• _EXERCISE PROMPT_:
Word for word, copy the data that follows and skip its pictures.

• _DATA BELOW_:

━━━━━━━━━━

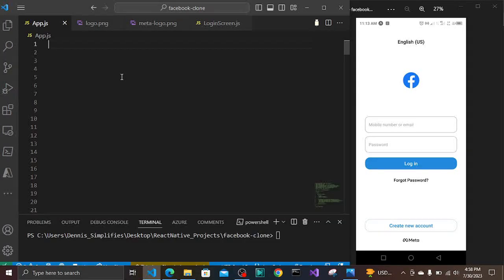What's going on friends? Welcome to the first series of building the Facebook clone. Right now we are starting from the login screen. From our previous videos we went through how to get started with React Native with Expo installations. And then we also went through how to integrate React Native Wind into your React Native project. Over here we are going to start building the real project which is the Facebook clone, starting from the login screen.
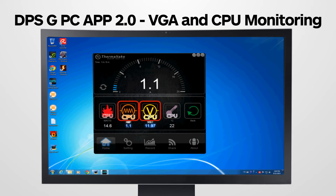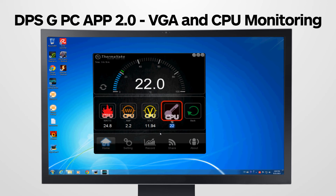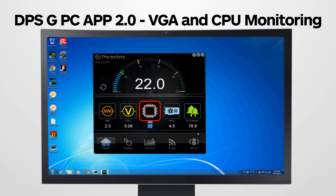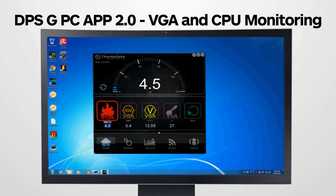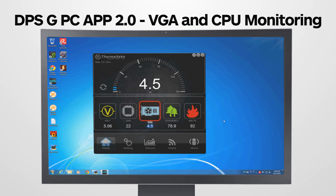This includes the wattages your VGA and CPU are pulling in real time, the ampere, voltages, as well as the current temperature of the VGA or CPU. You can also toggle between two different modes of graphing to best see your readouts.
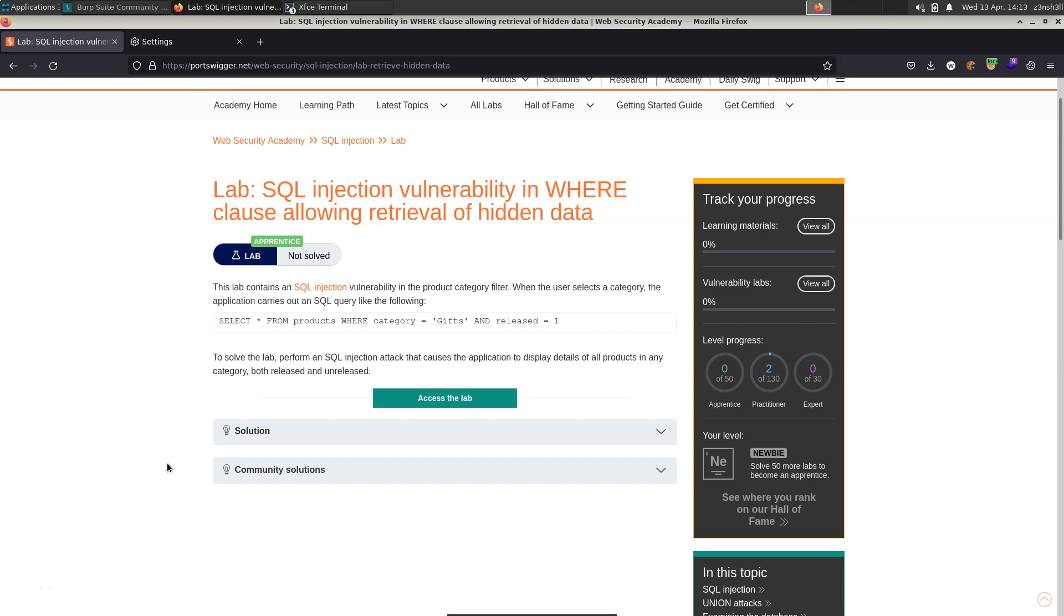What's up guys, we're going to be making use of Burp Suite Proxy to solve this challenge. We'll just quickly read through the information.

━━━━━━━━━━

• _RESPONSE TO THE TASK_:
What's going on friends? Welcome to the first series of building the Facebook clone. Right now we are starting from the login screen. From our previous videos we went through how to get started with React Native with Expo installations. And then we also went through how to integrate React Native Wind into your React Native project. Over here we are going to start building the real project which is the Facebook clone, starting from the login screen.
This includes the wattages your VGA and CPU are pulling in real time, the ampere, voltages, as well as the current temperature of the VGA or CPU. You can also toggle between two different modes of graphing to best see your readouts.
What's up guys, we're going to be making use of Burp Suite Proxy to solve this challenge. We'll just quickly read through the information.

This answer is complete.